LAGOS, April 2 – Nigeria’s banking sector has raised a total of ₦4.65 trillion ($3.36 billion) in fresh capital, marking the successful conclusion of a sweeping recapitalization programme led by the Central Bank of Nigeria.
The 24-month exercise, which ran from April 2024 to March 2026, saw 33 banks meet the regulator’s revised minimum capital requirements, aimed at strengthening financial system stability and enhancing banks’ ability to support economic expansion.
Investor participation remained robust throughout the programme, with domestic sources accounting for 72.55% of total capital raised, while international investors contributed 27.45%, reflecting sustained confidence in Nigeria’s banking sector.
The recapitalisation framework introduced tiered capital thresholds based on banking licences. Institutions with international authorisation were required to raise ₦500 billion, while national and regional banks faced minimum requirements of ₦200 billion and ₦50 billion respectively. Non-interest banks were also included, with thresholds set at ₦20 billion for national licences and ₦10 billion for regional operations.
According to the regulator, capital adequacy ratios across the sector now exceed global Basel standards, with minimum thresholds of 10% for regional and national banks and 15% for international banks. This positions Nigerian lenders with stronger balance sheets to absorb shocks and expand credit to the real economy.
While a small number of banks did not meet the requirements and remain under regulatory and judicial review, the Central Bank confirmed that all institutions continue to operate without disruption to customer services.

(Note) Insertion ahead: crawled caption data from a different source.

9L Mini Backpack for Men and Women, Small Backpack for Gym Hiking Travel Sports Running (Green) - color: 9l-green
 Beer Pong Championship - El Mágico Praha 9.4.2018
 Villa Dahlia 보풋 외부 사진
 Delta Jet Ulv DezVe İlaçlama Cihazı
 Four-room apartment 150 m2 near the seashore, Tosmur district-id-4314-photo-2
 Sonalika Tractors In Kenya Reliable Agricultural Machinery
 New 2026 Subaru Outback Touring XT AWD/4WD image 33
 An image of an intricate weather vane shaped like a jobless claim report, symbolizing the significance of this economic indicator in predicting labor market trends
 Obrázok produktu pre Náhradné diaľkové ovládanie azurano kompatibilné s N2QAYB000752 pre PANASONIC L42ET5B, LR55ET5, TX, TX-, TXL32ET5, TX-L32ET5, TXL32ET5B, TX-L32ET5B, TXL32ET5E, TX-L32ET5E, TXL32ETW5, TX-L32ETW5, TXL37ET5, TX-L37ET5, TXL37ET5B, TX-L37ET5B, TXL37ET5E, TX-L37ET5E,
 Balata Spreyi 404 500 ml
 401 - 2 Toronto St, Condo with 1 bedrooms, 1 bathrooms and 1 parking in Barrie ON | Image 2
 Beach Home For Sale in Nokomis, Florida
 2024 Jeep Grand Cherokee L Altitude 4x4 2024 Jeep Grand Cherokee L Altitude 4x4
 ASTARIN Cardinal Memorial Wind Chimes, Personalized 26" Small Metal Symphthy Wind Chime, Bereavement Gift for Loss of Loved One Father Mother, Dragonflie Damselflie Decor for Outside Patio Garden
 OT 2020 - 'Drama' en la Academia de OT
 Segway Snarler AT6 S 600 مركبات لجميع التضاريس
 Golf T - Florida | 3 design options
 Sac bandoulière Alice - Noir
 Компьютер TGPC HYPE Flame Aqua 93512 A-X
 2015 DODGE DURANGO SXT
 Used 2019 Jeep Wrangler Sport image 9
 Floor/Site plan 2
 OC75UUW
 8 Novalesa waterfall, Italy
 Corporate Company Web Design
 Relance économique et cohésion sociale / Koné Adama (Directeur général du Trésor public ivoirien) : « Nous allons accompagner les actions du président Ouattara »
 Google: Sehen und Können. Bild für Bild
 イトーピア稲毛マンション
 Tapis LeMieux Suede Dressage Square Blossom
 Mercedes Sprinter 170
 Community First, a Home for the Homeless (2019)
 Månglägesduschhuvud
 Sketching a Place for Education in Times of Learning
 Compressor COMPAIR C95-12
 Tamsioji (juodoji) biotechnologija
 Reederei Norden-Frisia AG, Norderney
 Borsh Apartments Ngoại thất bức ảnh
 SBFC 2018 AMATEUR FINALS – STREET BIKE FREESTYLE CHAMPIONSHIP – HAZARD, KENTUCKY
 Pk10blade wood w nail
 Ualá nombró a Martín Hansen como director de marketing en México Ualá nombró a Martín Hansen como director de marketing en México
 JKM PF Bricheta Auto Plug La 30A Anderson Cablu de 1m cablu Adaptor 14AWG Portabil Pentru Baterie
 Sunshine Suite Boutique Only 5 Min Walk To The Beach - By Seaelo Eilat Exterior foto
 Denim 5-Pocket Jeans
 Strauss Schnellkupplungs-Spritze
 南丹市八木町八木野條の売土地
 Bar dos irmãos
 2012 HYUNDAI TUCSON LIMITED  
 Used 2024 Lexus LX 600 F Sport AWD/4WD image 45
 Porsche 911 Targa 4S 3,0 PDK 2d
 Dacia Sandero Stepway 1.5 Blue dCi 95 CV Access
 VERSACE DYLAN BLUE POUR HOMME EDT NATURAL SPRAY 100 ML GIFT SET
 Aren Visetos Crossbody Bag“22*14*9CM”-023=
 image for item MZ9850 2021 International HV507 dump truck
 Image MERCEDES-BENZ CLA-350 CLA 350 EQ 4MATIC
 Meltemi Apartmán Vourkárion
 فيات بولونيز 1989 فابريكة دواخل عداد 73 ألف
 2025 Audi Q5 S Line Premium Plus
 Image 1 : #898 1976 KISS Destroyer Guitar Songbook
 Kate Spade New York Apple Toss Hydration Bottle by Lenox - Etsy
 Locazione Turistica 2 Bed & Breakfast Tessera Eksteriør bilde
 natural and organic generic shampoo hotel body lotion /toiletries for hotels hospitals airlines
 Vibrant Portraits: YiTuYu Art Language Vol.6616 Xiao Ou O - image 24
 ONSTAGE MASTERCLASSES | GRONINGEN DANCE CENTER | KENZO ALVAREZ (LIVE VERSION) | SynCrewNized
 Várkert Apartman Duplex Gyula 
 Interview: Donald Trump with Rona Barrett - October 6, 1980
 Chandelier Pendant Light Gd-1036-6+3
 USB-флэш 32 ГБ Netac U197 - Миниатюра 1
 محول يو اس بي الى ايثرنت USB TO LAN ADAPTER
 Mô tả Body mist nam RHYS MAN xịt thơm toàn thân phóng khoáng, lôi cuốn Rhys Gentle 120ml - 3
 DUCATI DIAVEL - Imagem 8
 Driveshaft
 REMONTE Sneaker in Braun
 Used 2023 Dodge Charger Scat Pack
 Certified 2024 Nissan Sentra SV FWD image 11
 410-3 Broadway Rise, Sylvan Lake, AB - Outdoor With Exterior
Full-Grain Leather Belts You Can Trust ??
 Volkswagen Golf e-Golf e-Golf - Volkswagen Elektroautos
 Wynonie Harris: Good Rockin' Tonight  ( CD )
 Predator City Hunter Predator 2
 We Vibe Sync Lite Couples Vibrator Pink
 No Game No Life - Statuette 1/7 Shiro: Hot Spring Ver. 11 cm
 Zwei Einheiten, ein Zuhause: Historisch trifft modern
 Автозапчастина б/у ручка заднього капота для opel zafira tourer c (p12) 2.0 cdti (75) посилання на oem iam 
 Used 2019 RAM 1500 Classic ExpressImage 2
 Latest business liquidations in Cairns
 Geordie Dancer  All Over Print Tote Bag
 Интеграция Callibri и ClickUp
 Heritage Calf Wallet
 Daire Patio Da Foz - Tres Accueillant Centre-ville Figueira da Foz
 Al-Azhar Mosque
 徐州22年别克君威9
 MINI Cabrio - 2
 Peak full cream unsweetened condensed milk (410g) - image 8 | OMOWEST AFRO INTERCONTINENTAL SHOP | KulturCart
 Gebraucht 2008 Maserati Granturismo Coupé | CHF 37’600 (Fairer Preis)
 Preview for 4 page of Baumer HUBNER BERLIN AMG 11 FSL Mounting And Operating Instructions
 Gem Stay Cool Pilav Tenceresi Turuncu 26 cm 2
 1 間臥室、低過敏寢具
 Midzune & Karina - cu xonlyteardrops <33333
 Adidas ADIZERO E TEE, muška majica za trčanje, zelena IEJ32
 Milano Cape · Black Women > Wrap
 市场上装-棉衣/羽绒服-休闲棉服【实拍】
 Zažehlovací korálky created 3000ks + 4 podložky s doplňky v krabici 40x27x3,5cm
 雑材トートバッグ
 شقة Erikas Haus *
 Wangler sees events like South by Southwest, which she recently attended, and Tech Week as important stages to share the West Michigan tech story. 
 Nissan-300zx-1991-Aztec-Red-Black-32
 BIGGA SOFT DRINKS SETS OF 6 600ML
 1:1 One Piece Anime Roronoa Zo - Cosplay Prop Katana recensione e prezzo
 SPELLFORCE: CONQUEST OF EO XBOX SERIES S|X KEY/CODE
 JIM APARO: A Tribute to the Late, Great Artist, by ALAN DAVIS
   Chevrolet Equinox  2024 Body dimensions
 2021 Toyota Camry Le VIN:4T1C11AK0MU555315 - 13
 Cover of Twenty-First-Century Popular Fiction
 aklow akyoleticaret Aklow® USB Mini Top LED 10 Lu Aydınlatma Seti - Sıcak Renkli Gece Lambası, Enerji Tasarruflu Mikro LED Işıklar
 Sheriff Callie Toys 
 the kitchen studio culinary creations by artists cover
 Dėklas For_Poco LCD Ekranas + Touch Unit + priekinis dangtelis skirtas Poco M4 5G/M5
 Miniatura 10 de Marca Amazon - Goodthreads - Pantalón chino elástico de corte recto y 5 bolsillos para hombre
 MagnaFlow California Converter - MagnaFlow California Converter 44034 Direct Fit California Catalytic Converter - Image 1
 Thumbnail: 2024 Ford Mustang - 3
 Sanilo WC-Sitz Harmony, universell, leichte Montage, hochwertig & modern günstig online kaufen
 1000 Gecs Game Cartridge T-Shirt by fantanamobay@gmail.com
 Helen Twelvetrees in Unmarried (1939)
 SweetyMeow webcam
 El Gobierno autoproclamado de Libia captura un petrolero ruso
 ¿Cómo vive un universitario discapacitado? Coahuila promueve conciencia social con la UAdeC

The recapitalisation was implemented alongside a phased exit from regulatory forbearance, contributing to improvements in asset quality and greater transparency across bank balance sheets.
The successful capital raise signals a structural strengthening of Nigeria’s financial system, positioning banks to play a more significant role in financing infrastructure, industrial growth and private sector expansion in Africa’s largest economy.